Ricky arrives the next morning to discover the police investigation going on in Williamson’s office, oblivious to the chaos the Blake ultimatum has wrought. Ricky is the number one salesman, a first rate schemer at the top of a dirty game, and has contempt for weaklings. When Linyk arrives to re-think the contract he has signed with Ricky, the old pro Shelley chimes in with Ricky as they seamlessly work him until he appears to back down. Williamson unwittingly spoils the set up and earns the sharp end of Ricky’s tongue, “You never open your mouth until you know who the shy is”! Williamson is beneath contempt under Ricky’s code as he holds his Manager position via nepotism rather than merit, he is not a ‘man’, and in Ricky’s world this is key, belittlingly accusing him of being a “company man”. George is grilled by the police and reacts angrily to the interview, railing against the “Gestapo tactics” and frets about the ‘plot’ he concocted with Dave being revealed. Shelley worries about raising money for his wife’s medical operation, and believes he has turned his slump around after signing a contract with a couple for several units.

Mamet was responding to Reagan’s ‘Amerika’, a place where rising right wing, de facto fascism produced a capitalist free for all as tax rates for business and the wealthy decreased dramatically and poverty and social disconnection rose accordingly. The era produced the Gordon Gekko “greed… is good” ethos, as back room capitalists enjoyed the ‘right of the line’. Crucially, Mamet doesn’t show the police interviews, only the fallout and the tension they create, and he also keeps the ‘downtown’ money invisible, existing as an almost existentialist threat. In this Darwinian environment Authoritarianism is the dominant meme, and the subservient animals devour each other rather than challenge the status quo. Shelley’s once proud and dominant lion is now old and toothless, reduced to the chicanery and guile more suited to a weasel, whereas Rick is puffed up and arrogant, secure in his young lion primacy. Rick is so self centred he fails to see Shelley collapsing before his eyes, fooled by a late innings comeback where Shelley briefly hints of past glories. Ricky’s key line at the end hints at the tooth and claw element of the contest, and sums up his disgust at dealing with duplicity and weakness, when he spits, “This is not a world of men”.

The ensemble cast are mostly in career best form as they snap and spark off each other, made easier by the first rate script they have to work with. Lemmon is superb as the onomatopoeic Shelley, a ‘shell’ of a man, scratching out a life devoid of dignity. Lemmon graduated from the finest American comic performer in the middle of the century to one of it’s best dramatic thespians, and his characterisation of Shelley is the definitive essaying of an ageing worker under stress. Al Pacino, who’d starred on stage in a Mamet the prior year (American Buffalo) is also pitch perfect as Ricky, preening and primped, untouchable in his power to ‘close’. Pacino had lost his way somewhat in the ‘80’s, making some poor vehicle choices, but a stint on the stage re-invigorated him and he resurrected his screen career in 1992 with two roles, this one and his scene chewing turn in Scent of a Woman. Alec Baldwin has never been used more effectively than in his brief appearance as Blake and the always wonderful Alan Arkin maintained his standards as the inheritor of the Walter Matthau mantle of never turning in a sub standard piece of work. Spacey and Harris are integral to the piece working as a whole, and both men are excellent in smaller roles.

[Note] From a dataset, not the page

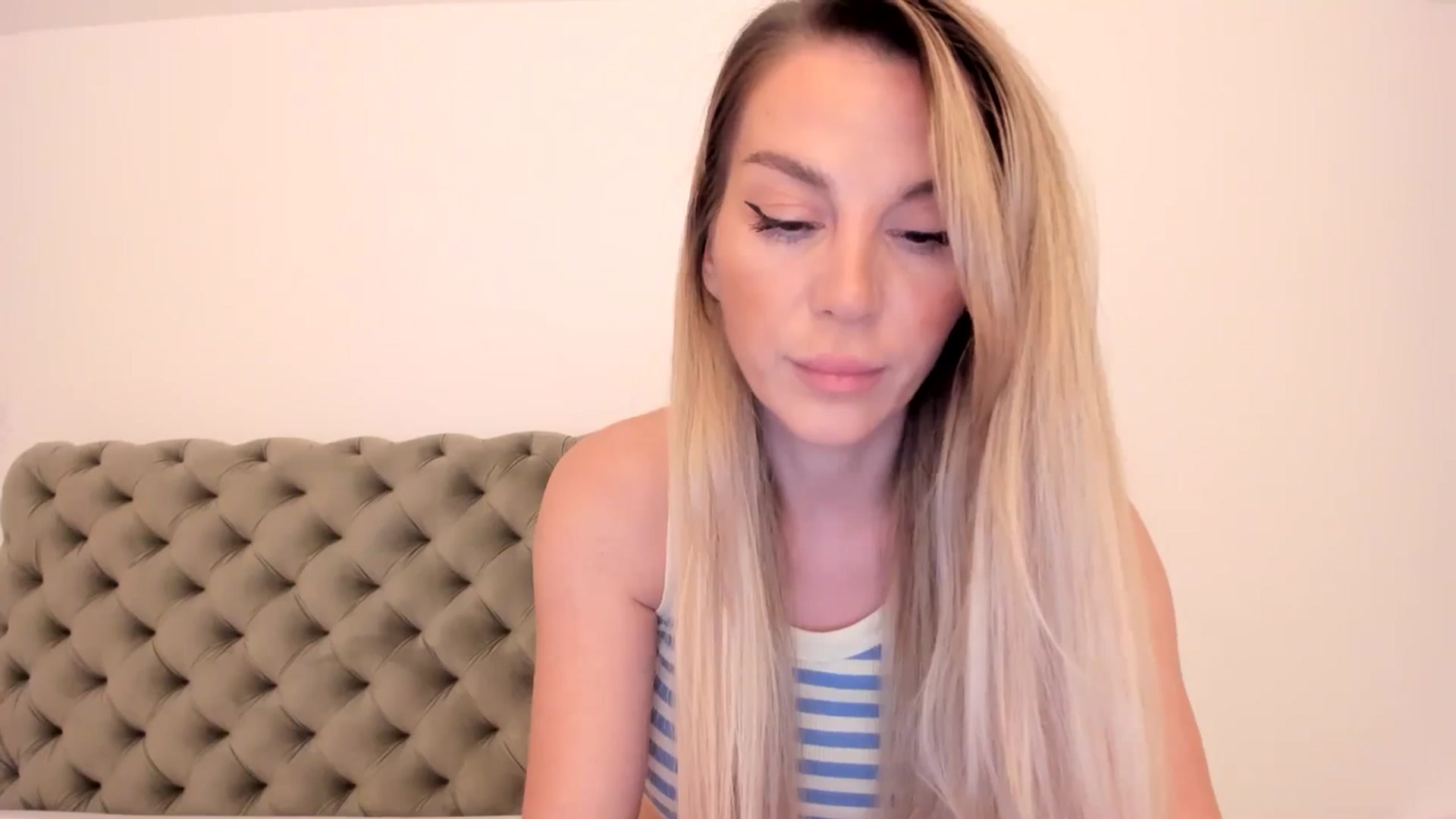 Gallery image thumbnail from Alesia_'s myfreecams stream on, 07/17/2024, 23:38 image 7 of 20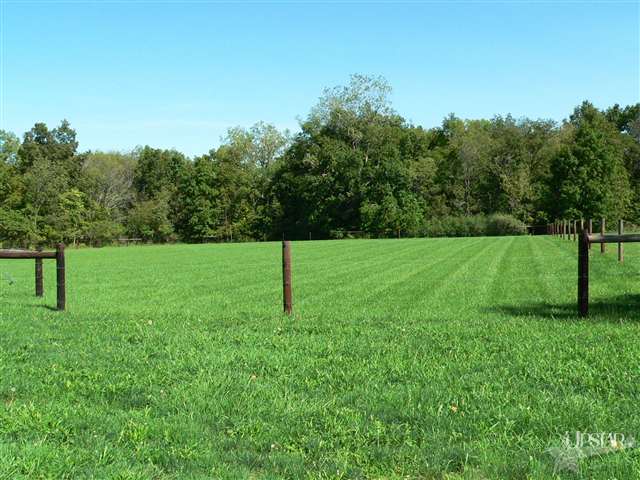13230 Puff Road Fort Wayne, IN 46845 - Photo 18 of 21 Gallery Image 18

As a human endeavour work is both necessary and desired, and in a capitalist system work can also define an individual’s identity. If the power to control who works and how they work becomes corrupted, then work lacks the necessary dignity to allow people to function in an environment of respect and support. Mamet is writing in a large font here, but underneath lies a timeless message about power, which is never in equal measure in a work relationship, where the bosses manipulate and divide to suit their bottom line. Glengarry Glen Ross is a riveting and cunningly crafted sermon, from one of the sharpest writers in America.